Location: Beneficial Insects Introduction Research Unit
Project Number: 8010-22000-031-060-A
Project Type: Cooperative Agreement
Start Date: Sep 15, 2022
End Date: Aug 31, 2024
Objective:
The emerald ash borer (EAB), Agrilus planipennis, an Asiatic pest of ash trees, is the most destructive invasive forest insect in North America. EAB causes widespread ash mortality, resulting in severe economic losses to U.S. forestry and plant industries, as well as degradation of essential ecosystem services. The proposed work will focus on effectiveness of the current biocontrol programs in protecting North American ash resources through suppressing EAB populations at regional levels by releasing EAB egg and larval parasitoids.
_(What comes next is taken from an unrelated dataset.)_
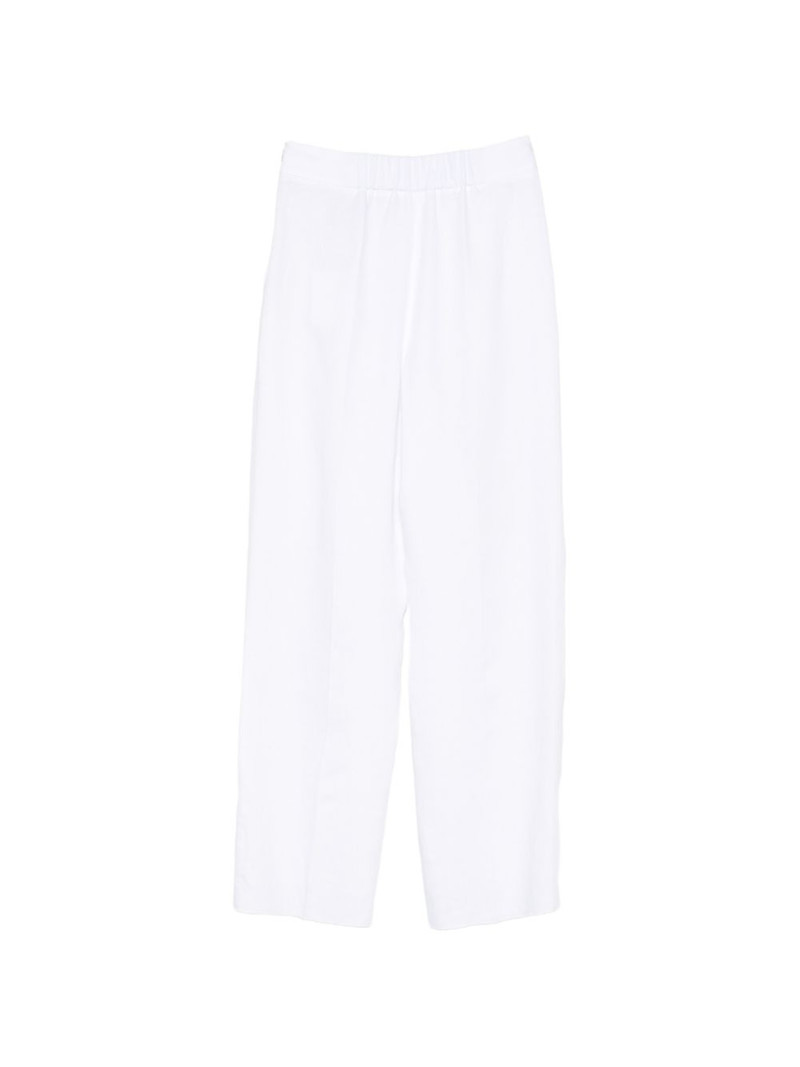 AGNONA pleated trousers outlook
The overall goal of this project is to develop strategies that optimize long-term and sustained control of EAB in the aftermath of EAB invasion to protect and conserve ash trees of all sizes in natural and urban ecosystems by releasing introduced natural enemies (Oobius agrili, Tetrastichus planipennisi, and Spathius galinae). Our specific objectives are:
(1) Monitor and evaluate the long-term impact of introduced EAB biocontrol agents on ash regeneration and growth from seedlings, saplings, basal sprouts, and surviving ash trees at our previous (long-term) biocontrol study sites in both Lower Michigan and several Northeast States (Connecticut, Massachusetts, and New York), where all three biocontrol agents (O. agrili, T. planipennisi, and S. galinae) were either sequentially or simultaneously released more than five years earlier.
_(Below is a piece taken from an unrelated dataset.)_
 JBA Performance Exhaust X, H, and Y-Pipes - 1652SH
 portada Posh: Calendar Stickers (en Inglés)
(2) Determine the establishment, spread, and impacts of more recently released parasitoids on EAB population densities and ash health at the new study sites in Lower Michigan and two selected Northeast States (Connecticut and Massachusetts), where releases of these introduced agents were completed between 2018 and 2021.
Approach:
The proposed work will be carried out in two distinctive regions:
(1) infested areas of lower Michigan, where EAB was first detected in 2002 and
(2) the Northeast region (Connecticut, Massachusetts, and New York), where EAB was first detected between 2010 and 2013.
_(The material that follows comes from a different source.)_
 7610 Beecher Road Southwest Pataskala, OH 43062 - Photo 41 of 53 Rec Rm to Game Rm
In Michigan, six, secondary mixed-hardwood bottomland forests containing both green ash (Fraxinus pennsylvanica Marshall) and white ash (F. americana L.) received releases of O. agrili, T. planipennisi, and S. agrili from 2008 to 2010 (Duan et al. 2013), and S. galinae from 2015 to 2017 after confirmation of successful establishment of O. agrili and T. planipennisi (Duan et al., 2020). More recently, three additional forests from this region were also selected as new study sites (~60 km from the six earlier sites) with simultaneous releases of O. agrili, T. planipennisi and S. galinae from 2018 to 2021. While historical data on ash crown condition, EAB densities and associated mortality factors including the introduced biocontrol agents have been collected from the earlier (long-term) biocontrol study sites (along with the paired no-parasitoid release control plots), these newly established biocontrol release sites have not been sampled for establishment, spread and impacts of the newly released biocontrol agents on EAB infesting ash trees and/or saplings.
In the Northeast region (CT/NY/MA), where, the six, long-term sites consisted of secondary mixed-hardwood forests containing green and white ash trees received O. agrili, T. planipennisi, and S. galinae were released simultaneously from 2015 to 2017. More recently, several new forest sites were also established with simultaneous releases of these three biocontrol agents from 2018 – 2020. Historical data on ash crown condition, EAB densities, and associated mortality factors including the introduced biocontrol agents have been collected from the earlier established (long-term) biocontrol forests in this region; however, no data have been collected there from the additional new sites that were established from 2018 to 2020.